Era l’ultimo disperato tentativo del ministero del lavoro per convincere il colosso dei call center Almaviva a tornare sui suoi passi e non presentare la procedura di licenziamento collettivo per 1.600 lavoratori – quasi lo stesso numero dei licenziati nel natale 2016 a Roma – di Palermo. L’idea era quella di allungare gli ammortizzatori sociali in scadenza a fine novembre. Ma l’azienda è stato inamovibile. Come lo fu per Roma (ora fintamente chiusa) e per Napoli (salvata in extremis dalla firma di un accordo durissimo da parte degli Rsu).

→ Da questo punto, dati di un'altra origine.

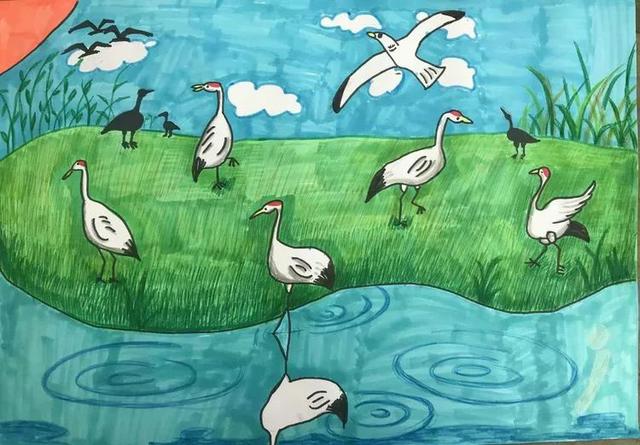 云龙镇中心小学新时代文明实践活动我把湿地画进明信片绘画活动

E così il 9 settembre – a 75 giorni dalla scadenza degli ammortizzatori sociali – Almaviva depositerà la procedura di licenziamento collettivo incurante delle richieste dei lavoratori, dei sindacati, delle istituzioni locali siciliane. E – buon ultimo – del governo. Che ieri, nonostante i sindacati chiedesssero la presenza del ministro Di Maio e del sottosegretario leghista Durigon era presente solo con dei tecnici: Francesco Vanin e Raffaele Fontana che hanno tentato in tutti i modi a convincere l’azienda a recedere.
Il copione è quello noto. L’azienda cerca di ottenere il massimo di sgravi fiscali, aiuti e incentivi dal governo di turno. Per farlo è disposta ad arrivare al licenziamento di migliaia di persone, come accadde due anni e mezzo fa a Roma. Il tutto mentre nel frattempo le delocalizzazioni e le assunzioni in Romania vanno avanti.

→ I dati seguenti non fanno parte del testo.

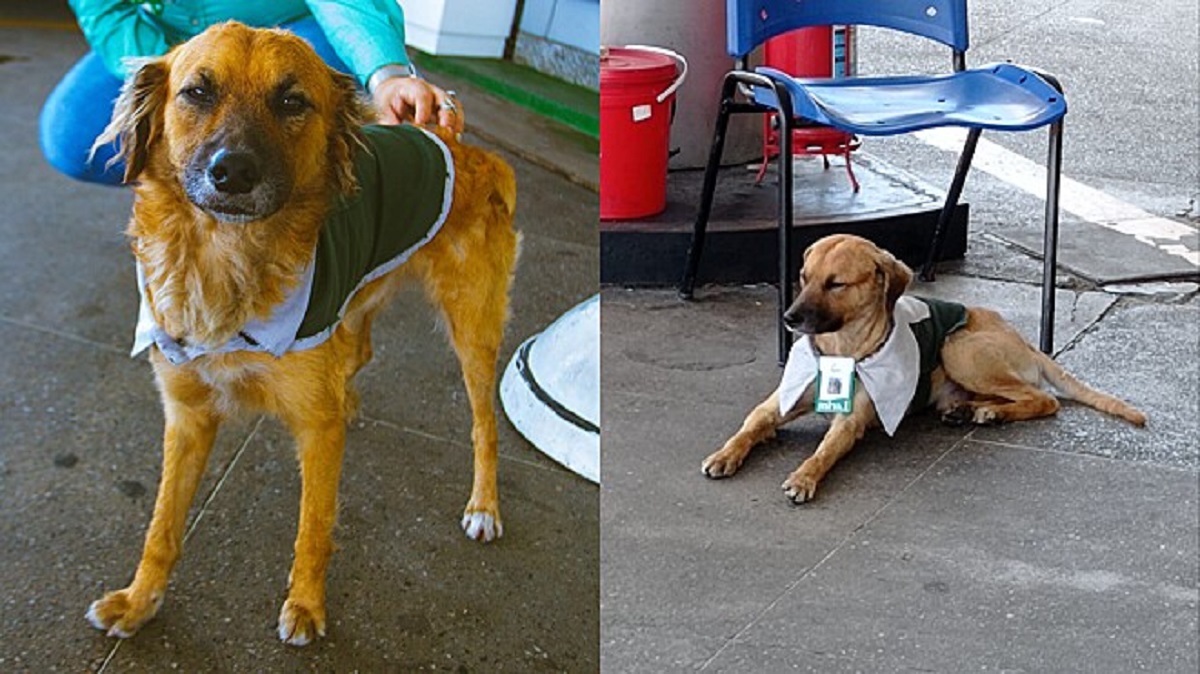 Cane adottato da una stazione di servizio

Anche i sindacati stessi – Slc Cgil, Fistel Cisl e Uilcom – nutrivano poche speranze.
«Ancora una volta registriamo un nulla di fatto. Il ministro Di Maio, anche stavolta, non ha partecipato al tavolo e non è stata individuata una soluzione per scongiurare le procedure di licenziamento per 1.600 persone – dichiara il segretario generale Slc Cgil Palermo, Maurizio Rosso – . Si fermi questa gara al massacro, licenziare è da irresponsabili, non possono essere sempre i lavoratori a pagare. Ognuno si faccia carico delle proprie responsabilità».